For instance I want to flash OmegaROM v21 on my Samsung Galaxy S4 GT-i9505. OmegaROM v21 is a modified Samsung edition of Android 4.4.2 Kit Kat.

According to the information in the xda-developers forum, the ROM contains a new Knox enabled bootloader. As what I understand by reading the related related research thread in the xda-developers forum and the information provided by Samsung, this will have the following consequences:

  1. The bootloader will detect the unsigned Android kernel and because of that,
  2. The Knox warranty flag will be set to 1.
  3. On the boot screen it will be visible that the Knox warranty is void.
  4. It is not possible to reset the Knox warranty flag
  5. It is unlikely, that there will be a hack for resetting the Knox warranty flag because it is stored at a very low level, maybe in an eFuse or in the TrustZone of the ARM processor.
  6. I will not be able to flash an older ROM. (Why?

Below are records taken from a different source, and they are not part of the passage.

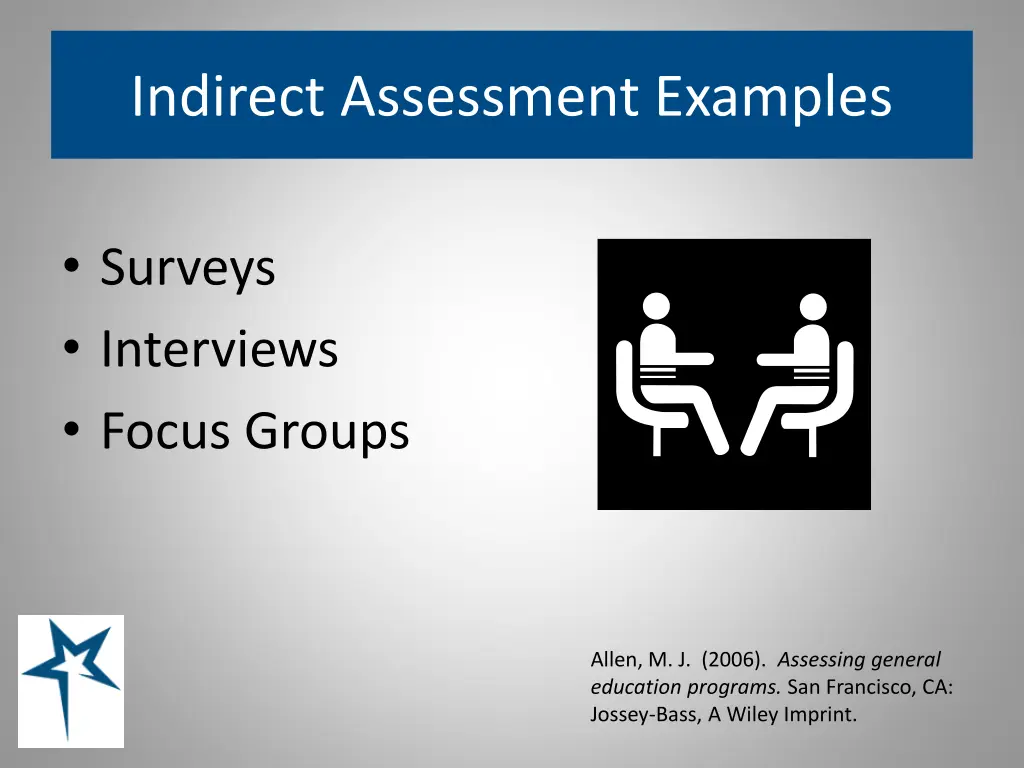 indirect assessment examples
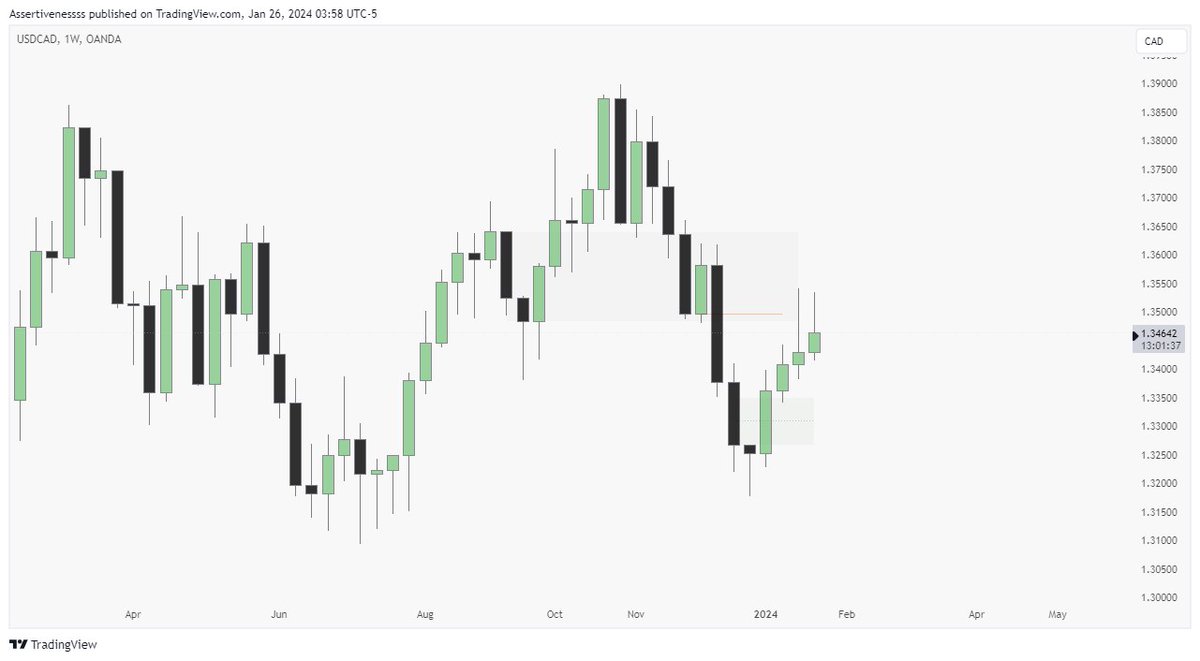 assertivenessss tweet media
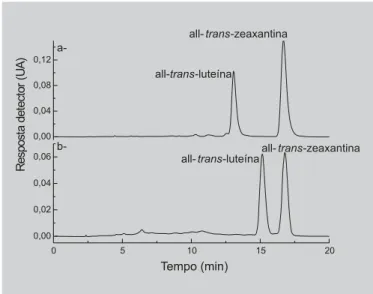 FIGURA 5 - Cromatogramas, obtidos por CLAE, da mistura dos padrões de luteína e zeaxantina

Because it will need an old bootloader and the new one disallows that?)
  7. I will not be able to use Knox enabled apps.
  8. I will not be able to use Knox enabled infrastructure.
  9. I will not be able to use Knox enabled DRM.
  10. I will be able to flash new and modified / unsigned custom ROMs
  11. I will be able to use normal apps, infrastructure and DRM.

Are my assumptions correct, and will I be able to use DRM based services like Spotify, Amazon Lovefilm, Google Play Music, etc?

1 Answer 1


From everything I've read about the "Knox enhanced boot loader" , and what is and isn't possible with it, all of your assumptions seem spot on. Another route you may want to try, is Safestrap. It's by far the safest method for installing custom Roms, as it bypasses the bootloader and there's no chance in tripping the Knox flag, unless you flash a Rom on the stock side. If you haven't heard of Safestrap, Just a quick Google search will point you to it.